The Department of Children and Family Services, which Los Angeles County auditors have criticized for poor fiscal oversight, now is facing questions about its spending practices, specifically its office equipment purchases, it was reported this week. (file photo)
The Department of Children and Family Services, which Los Angeles County auditors have criticized for poor fiscal oversight, now is facing questions about its spending practices, specifically its office equipment purchases, it was recently reported. Among the items acquired in recent months: $374 headsets and a $153 automatic tape dispenser, the Los Angeles Times reported. Philip Browning, head of the department, said he has made equipment and technology upgrades a priority following years of neglect.
Outfitting case workers with iPhones, dictation technology and ergonomically sound furniture makes them more efficient, he said in remarks reported by The Times.

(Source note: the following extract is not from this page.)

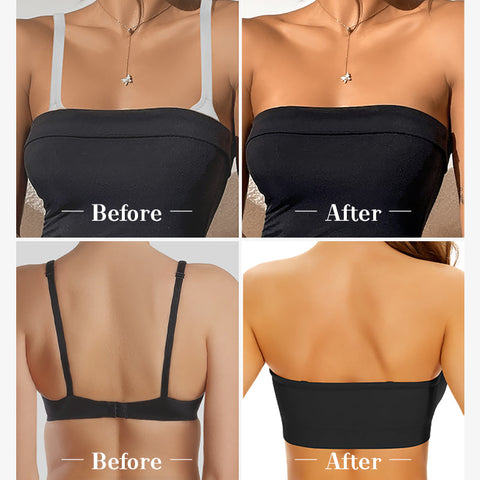 Woobilly®Non-Slip Silicone Padded Bandeau Bra Tube Top Bra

“It’s appropriate to keep employees safe and healthy,” he said. “We spend a huge amount of money on workers’ comp. We need to address that.”
According to department records, the DCFS paid $348,000 in fiscal 2014 for supplies and equipment, according to The Times. That amount more than doubled, to $709,000, in fiscal 2015. And in the first four months of the current fiscal year, the department spent $700,000-plus on the equipment — more than the similarly sized probation department did the last two full years.

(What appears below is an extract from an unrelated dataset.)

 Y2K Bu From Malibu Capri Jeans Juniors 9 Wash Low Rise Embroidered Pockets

A review of invoices showed that the DCFS bought the wireless office headsets when a comparable, wired alternative was available for $20 — a potential savings of more than $350 each. Officials said that employees were not required to choose the most cost-effective products to meet their ergonomic needs. The variety of available products is vast.

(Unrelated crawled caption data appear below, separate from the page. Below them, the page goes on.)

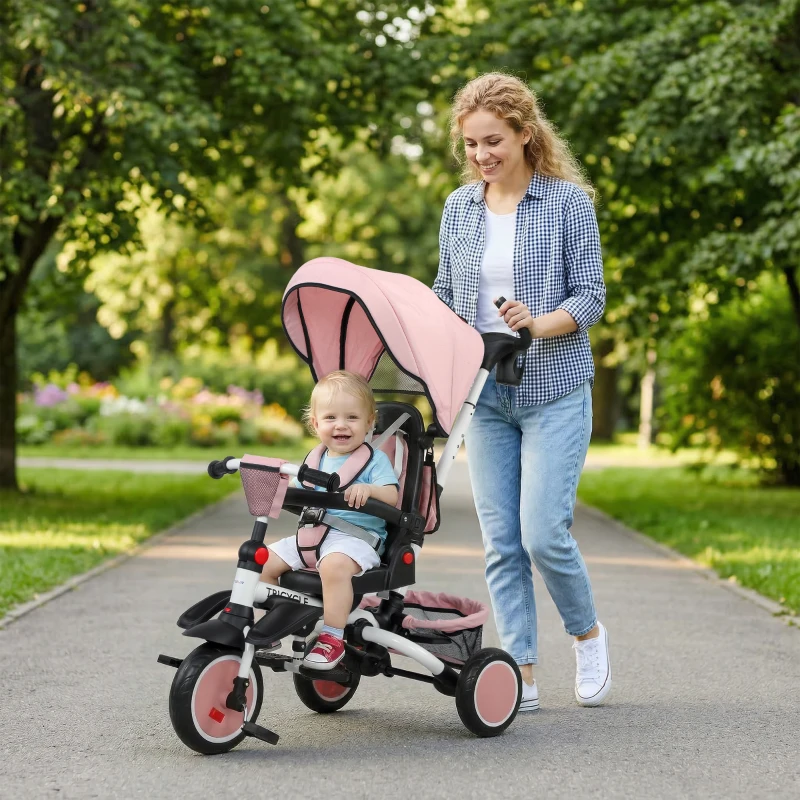 Qaba 6 in 1 Kids Tricycle with Adjustable Push Handle, Removable Canopy, Reversible Seat, for 1-5 Years, Pink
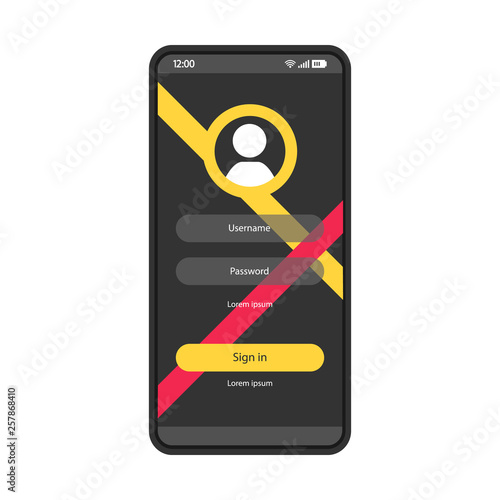 User authorization smartphone page vector template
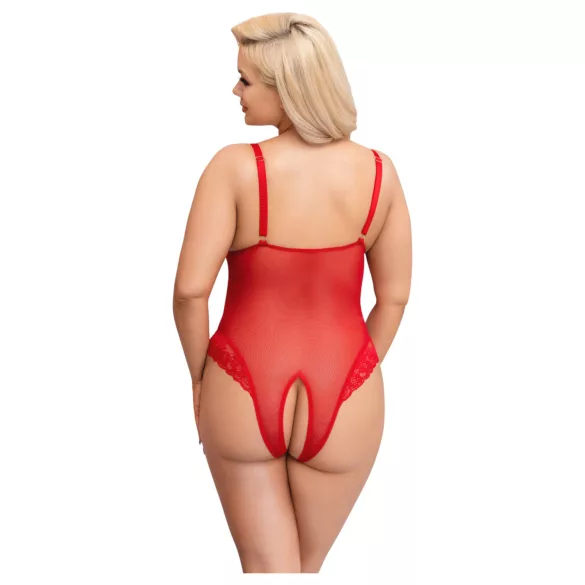 Cottelli Curves - providno čipkasto telo (crveno) - 3XL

One employee requested and received the $153 electric tape dispenser. Another, records show, asked for a $49 doze alert — a device that wakes up someone who has drifted off. The request was approved.
“In a time when foster children and foster parents struggle to have their basic needs met, we should be buying solid, cost-effective office equipment — not some of the most expensive stuff on the market,” Aubrey Manual, president of a foster parent association that has lobbied unsuccessfully for more money to be spent on reversing a critical shortage of foster homes, told The Times. “Someone over there needs to use better judgment.”
But Germaine Key of the department’s health and safety management division told The Times the prices being paid were appropriate — “standard for what good products cost.”